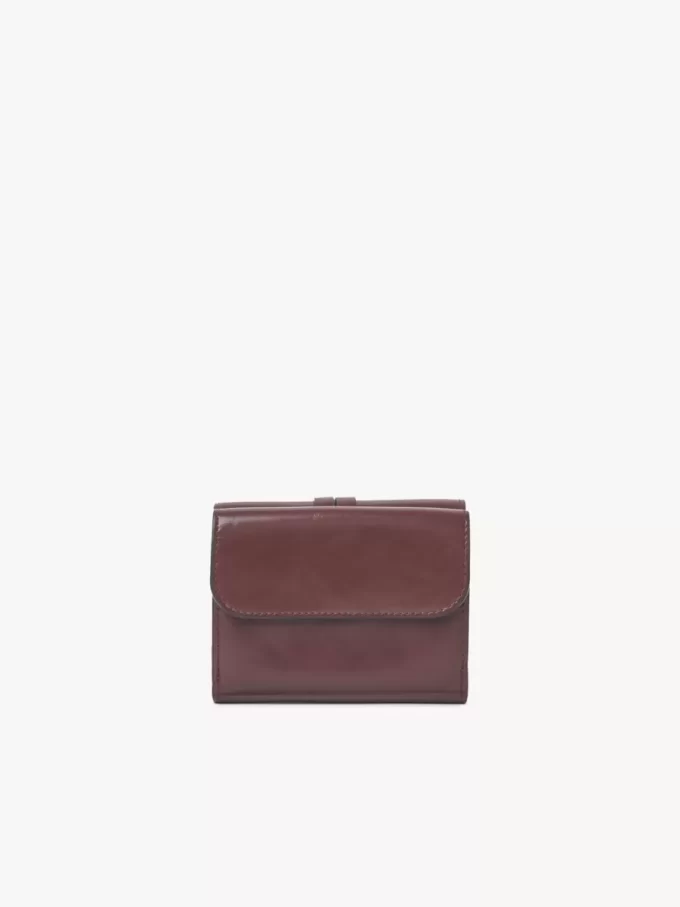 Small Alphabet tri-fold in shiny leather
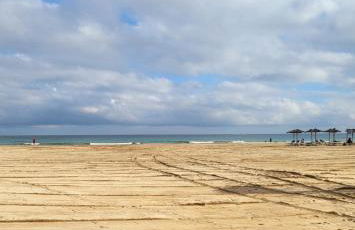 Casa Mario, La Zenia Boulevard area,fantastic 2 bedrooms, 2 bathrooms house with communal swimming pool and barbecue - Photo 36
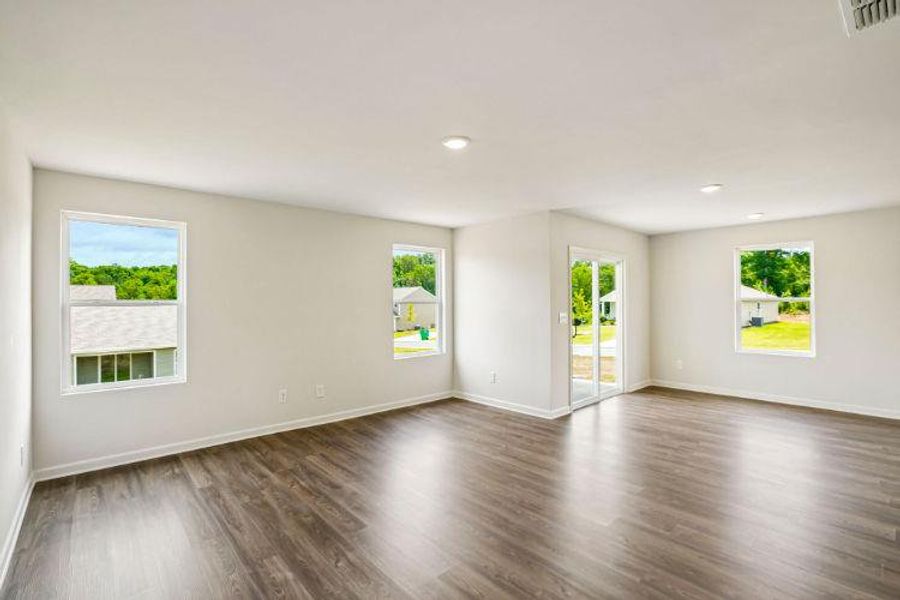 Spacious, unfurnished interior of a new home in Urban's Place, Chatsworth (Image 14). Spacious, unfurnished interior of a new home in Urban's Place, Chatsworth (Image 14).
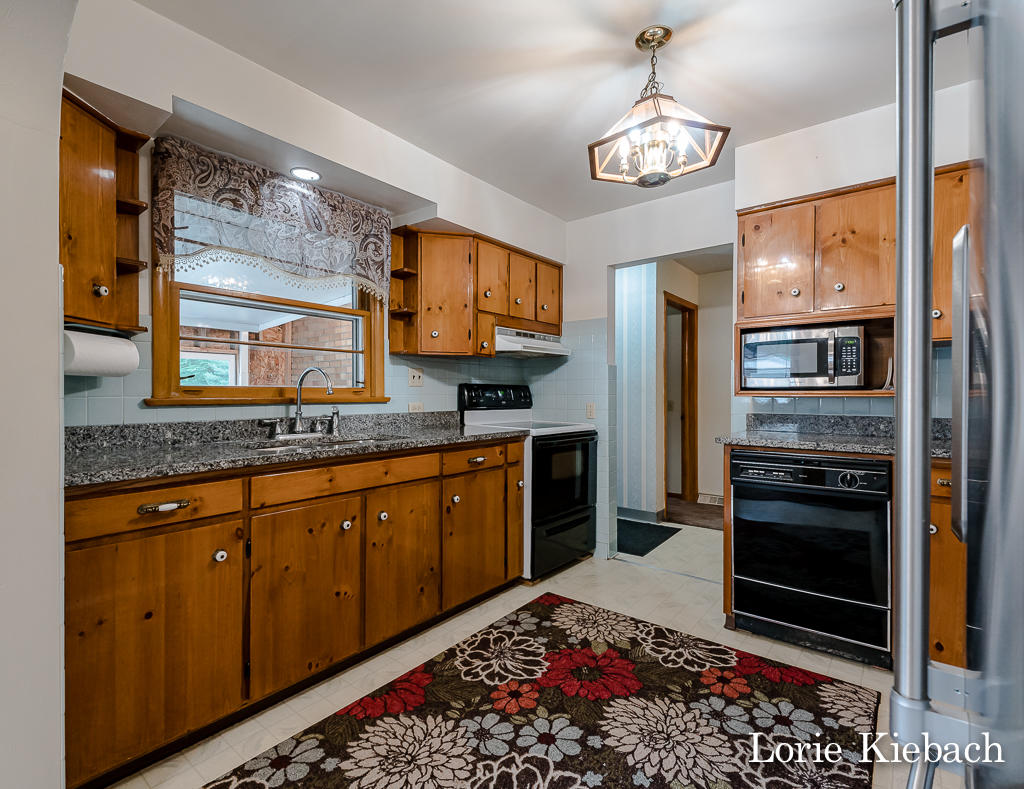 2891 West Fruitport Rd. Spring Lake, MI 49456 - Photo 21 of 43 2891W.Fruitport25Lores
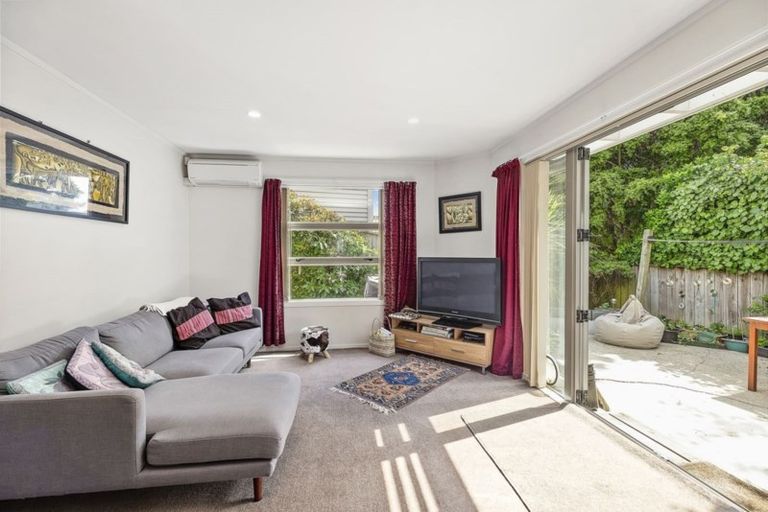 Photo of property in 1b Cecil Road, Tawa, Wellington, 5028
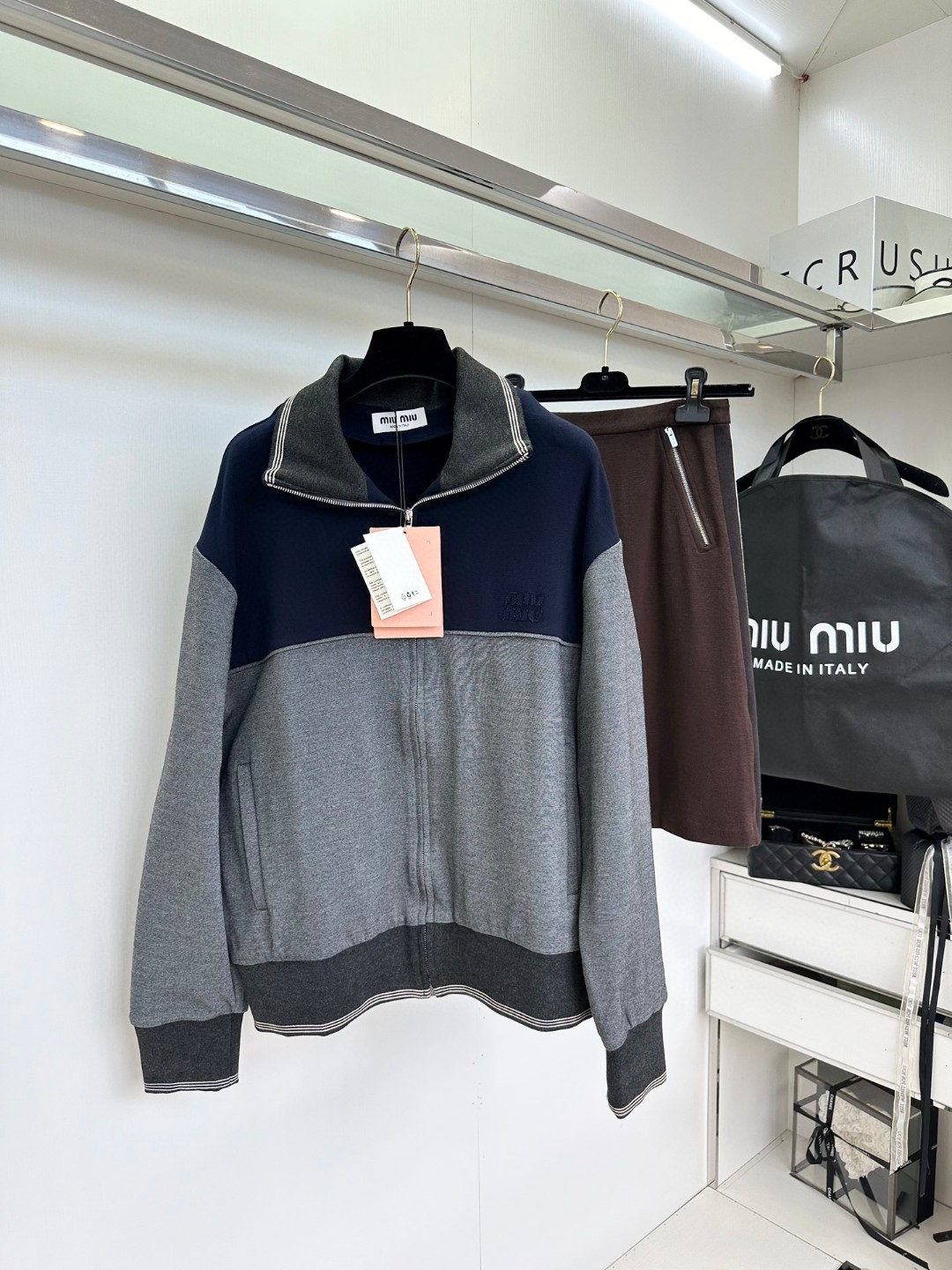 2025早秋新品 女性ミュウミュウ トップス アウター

Task objective
Starting at the line with "Casa Mario, La" and stopping at the final line of the material, reproduce each line exactly, both ends included. Leave the pictures out.

Exercise output
 Casa Mario, La Zenia Boulevard area,fantastic 2 bedrooms, 2 bathrooms house with communal swimming pool and barbecue - Photo 36
 Spacious, unfurnished interior of a new home in Urban's Place, Chatsworth (Image 14). Spacious, unfurnished interior of a new home in Urban's Place, Chatsworth (Image 14).
 2891 West Fruitport Rd. Spring Lake, MI 49456 - Photo 21 of 43 2891W.Fruitport25Lores
 Photo of property in 1b Cecil Road, Tawa, Wellington, 5028
 2025早秋新品 女性ミュウミュウ トップス アウター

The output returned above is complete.